Self-help isn’t selfish. It’s a gift for generations to come
Hi there,
Sometimes you come across something that completely changes your perspective. This tweet by Tim Urban is a good example. I first saw it last December and still think of it often:
When parents raise a child, they install elements of their psyche in them. When one of those elements is damaged, the damage is usually passed on. So self-improvement isn’t selfish—it’s repairing the “family psyche,” which improves the lives of all the generations downstream.
He goes on:
It’s easy to be resentful of our parents’ flaws—but it’s good to consider their own starting point. If they handed you a healthier psyche than they were handed by their parents, they did their job. And your job is to hand an even healthier psyche to your kids.
Of course this doesn’t just apply to your own kids, but to nieces and nephews, neighbors, students. They say it takes a village to raise a child, and from that perspective I see this as one big beautiful, collective job: working on ourselves to the benefit of the next generation.
Another quote that gets me thinking is this one from CS Lewis: “Every time you make a choice you are turning the central part of you, the part of you that chooses, into something a little different than it was before. And taking your life as a whole, with all your innumerable choices, all your life long you are slowly turning this central thing into a heavenly creature or a hellish creature…. Each of us at each moment is progressing to the one state or the other.”
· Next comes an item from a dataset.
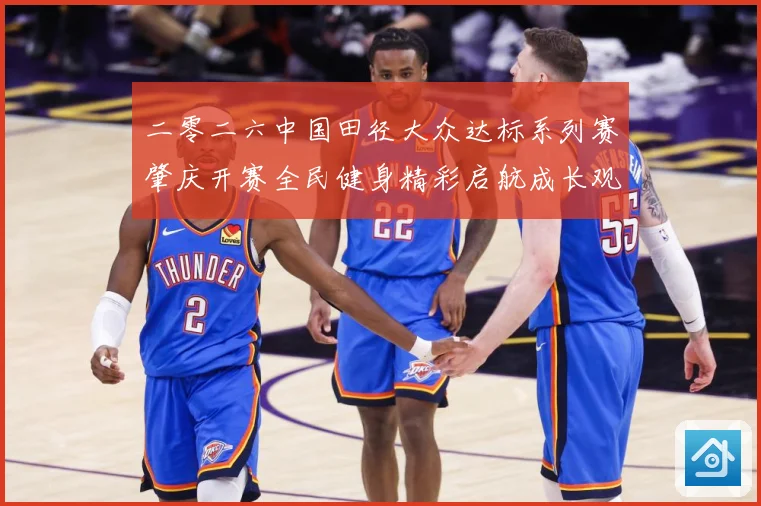 二零二六中国田径大众达标系列赛肇庆开赛全民健身精彩启航成长观察-深度解析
Lewis made me realize that the way I behave isn’t permanent or fixed or “just the way I am.” That’s too static. We’re all in continual motion. The question is: Which way are you headed?
This is an invitation to do that work on yourself. Luckily, it doesn’t have to all go perfectly from the start. James Clear talks in his book Atomic Habits about incremental change, the power of the 1% effect:
If you can get just 1% better at something each day, starting this week, you’ll be 6 times better by Christmas. And a whopping 37 times better by this time next year. Turns out little improvements that you hardly notice from day to day, grow into something BIG.
What will you do a little better today?